** Caption-style text data **
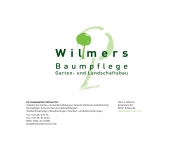 Bild Hans Georg Wilmers Gartenbau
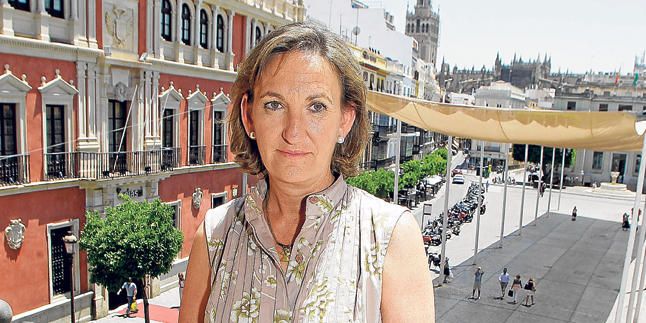 Mª del Mar Sánchez: "Con imaginación y control económico todo es posible"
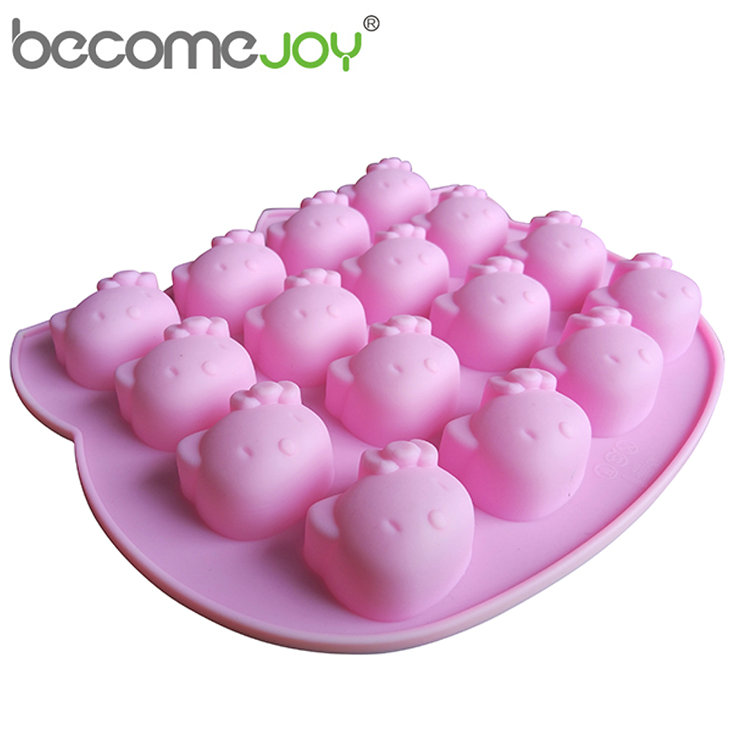 Wholesale chocolate chip molds silicone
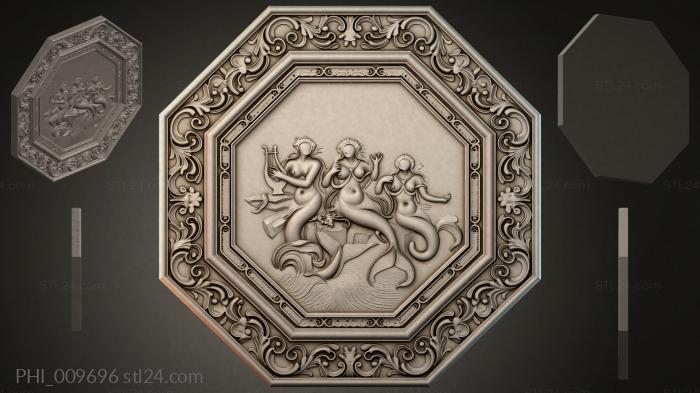 PHI_009696 3d STL model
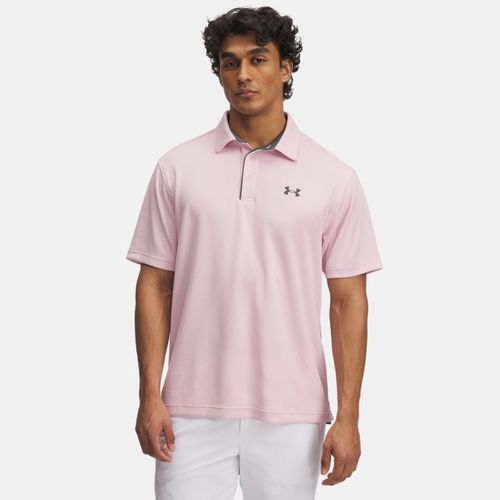 Polo Tech™ Prime / Pitch Gris L - Under Armour - Modalova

** How to complete this task **
Excluding the pictures, transcribe each entry above word for word.

** Result of this task **
 Bild Hans Georg Wilmers Gartenbau
 Mª del Mar Sánchez: "Con imaginación y control económico todo es posible"
 Wholesale chocolate chip molds silicone
 PHI_009696 3d STL model
 Polo Tech™ Prime / Pitch Gris L - Under Armour - Modalova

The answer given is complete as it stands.